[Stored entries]
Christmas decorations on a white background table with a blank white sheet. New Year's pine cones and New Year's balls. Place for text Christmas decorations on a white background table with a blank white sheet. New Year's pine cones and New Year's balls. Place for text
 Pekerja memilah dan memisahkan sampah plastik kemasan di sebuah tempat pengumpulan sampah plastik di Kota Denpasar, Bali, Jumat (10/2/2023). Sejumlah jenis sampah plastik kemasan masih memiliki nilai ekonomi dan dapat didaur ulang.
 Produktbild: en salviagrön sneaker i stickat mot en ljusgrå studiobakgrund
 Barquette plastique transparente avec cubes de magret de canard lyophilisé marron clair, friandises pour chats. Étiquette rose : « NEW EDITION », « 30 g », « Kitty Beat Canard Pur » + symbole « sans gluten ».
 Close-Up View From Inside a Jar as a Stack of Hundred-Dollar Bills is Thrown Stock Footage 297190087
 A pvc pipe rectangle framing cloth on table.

▸ Exercise
Check each line of the entries above, and show every one holding the word "table".

▸ Answer to this exercise
Christmas decorations on a white background table with a blank white sheet. New Year's pine cones and New Year's balls. Place for text Christmas decorations on a white background table with a blank white sheet. New Year's pine cones and New Year's balls. Place for text
 A pvc pipe rectangle framing cloth on table.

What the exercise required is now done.